Nel 2018 entrambe sono entrate a far parte del progetto Bhc finanziato
dall’Erccome partner del progetto EHT, e fanno a tutti gli effetti parte
dell’Event Horizon Telescope Consortium, in cui sono membri dei gruppi di lavoro
che si occupano di calibrazione e imaging.

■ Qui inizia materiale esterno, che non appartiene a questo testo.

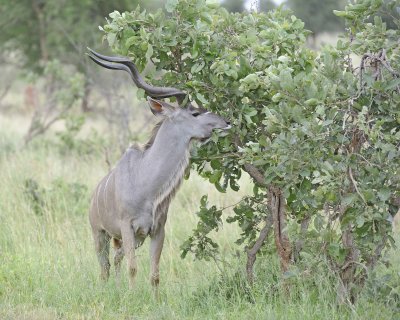 Kudu, Greater, Buck-010213-Kruger National Park, South Africa-#1741.jpg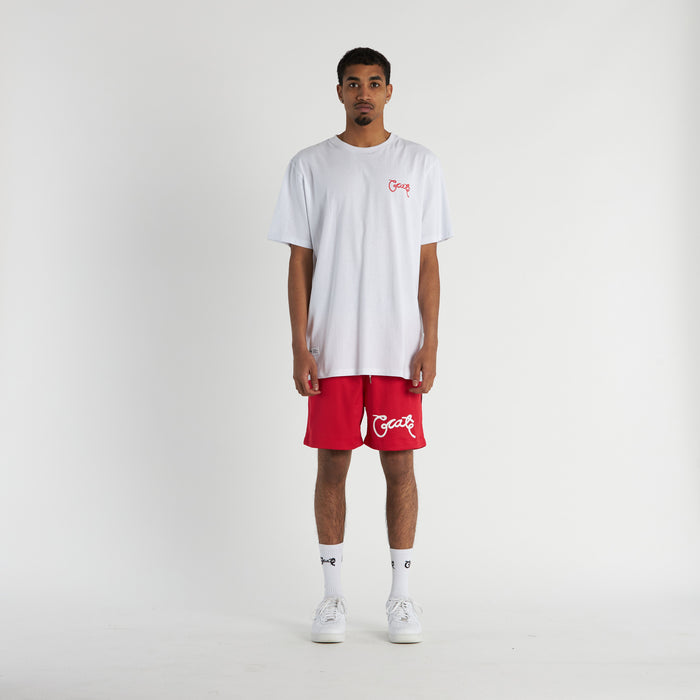 Men's Basic Script Mesh Shorts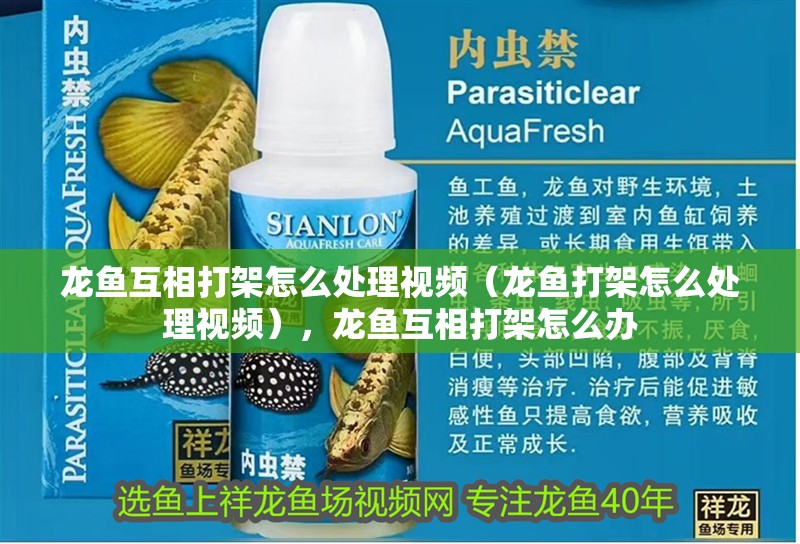 龍魚互相打架怎么處理視頻（龍魚打架怎么處理視頻），龍魚互相打架怎么辦
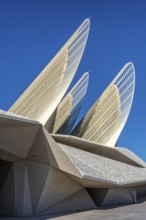 Zayed National Museum in Abu Dhabi, memorial to the late Zayed bin Sultan Al Nahyan, the museum is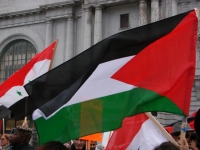 31_palestiniancolors__01529.jpg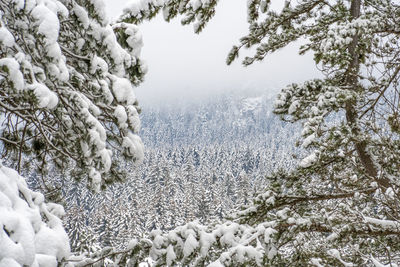 Snow covered land and trees during winter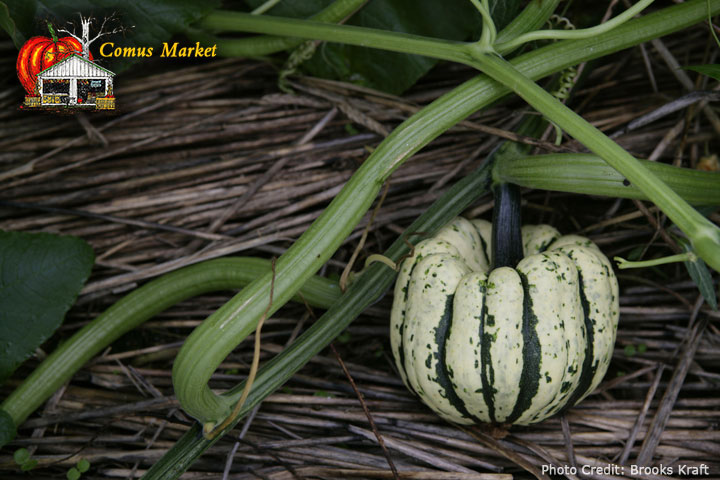 Comus Market Comus MD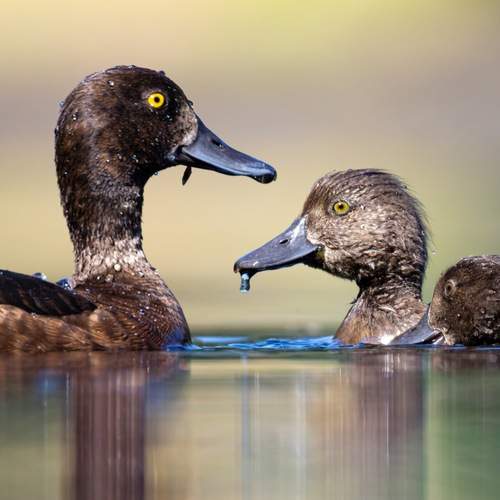 Превью фотографии фотографа Ruslan Pl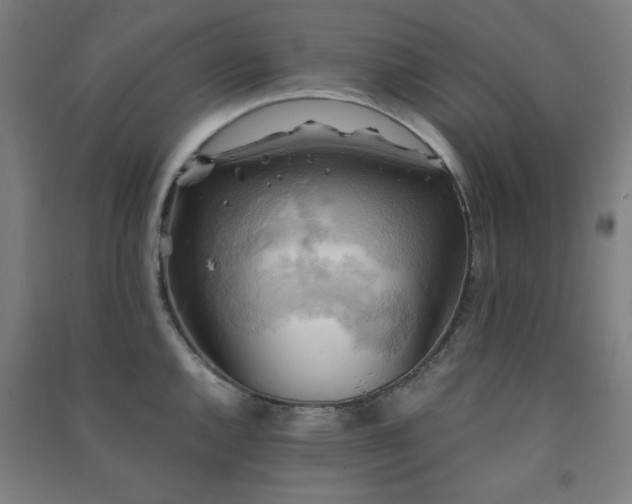 X0000091481144200708161413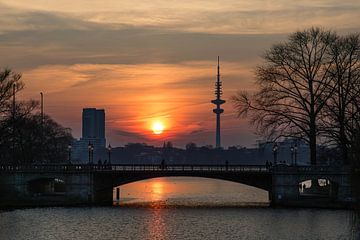 Tussen licht en leven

«La calibrazione dei dati Eht è stata una grande sfida: i segnali astronomici
sono deboli nella banda millimetrica, e distorti per effetto dell’atmosfera, che
varia molto velocemente a queste frequenze», sottolinea Liuzzo, che insieme a
Rygl ha partecipato allo sviluppo di uno dei tre software usati per la
calibrazione dei dati Eht.
Pur operando come un unico strumento che abbraccia il globo l’Eht, infatti,
rimane una miscela di stazioni con design e operazioni diverse. Questo ed altri
fattori, insieme alle sfide associate alla Vlbi, hanno dato impulso allo
sviluppo di tecniche specializzate di elaborazione e calibrazione. «Tre diversi
gruppi di ricerca, ognuno dei quali ha utilizzato un diverso software di
calibrazione, hanno convalidato in modo incrociato questi dati e hanno trovato
risultati coerenti», specifica Rygl, aggiungendo che «è estremamente
gratificante vedere come i dati calibrati possano essere tradotti in fisica dei
buchi neri».
«Il
progetto Black Hole Cam è partito nel 2014 con l’obiettivo di misurare,
comprendere e ‘vedere’ i buchi neri e fare test sulle principali previsioni
della teoria della relatività generale di Einstein», aggiunge Ciriaco Goddi.
«Nel 2016 il progetto è entrato a far parte, insieme ad altri partner
internazionali, dell’Event Horizon Telescope Consortium visto il comune
obiettivo: ottenere la prima immagine di un buco nero».
«Abbiamo raggiunto un risultato che solo una generazione fa sarebbe stato
ritenuto impossibile», conclude Doeleman. «I progressi tecnologici e il
completamento dei nuovi radiotelescopi nell’ultimo decennio hanno permesso al
nostro team di assemblare questo nuovo strumento, progettato per vedere
l’invisibile».
Un risultato incredibile, che prometta di essere un punto non di arrivo ma di
partenza nella strada per la comprensione del nostro universo.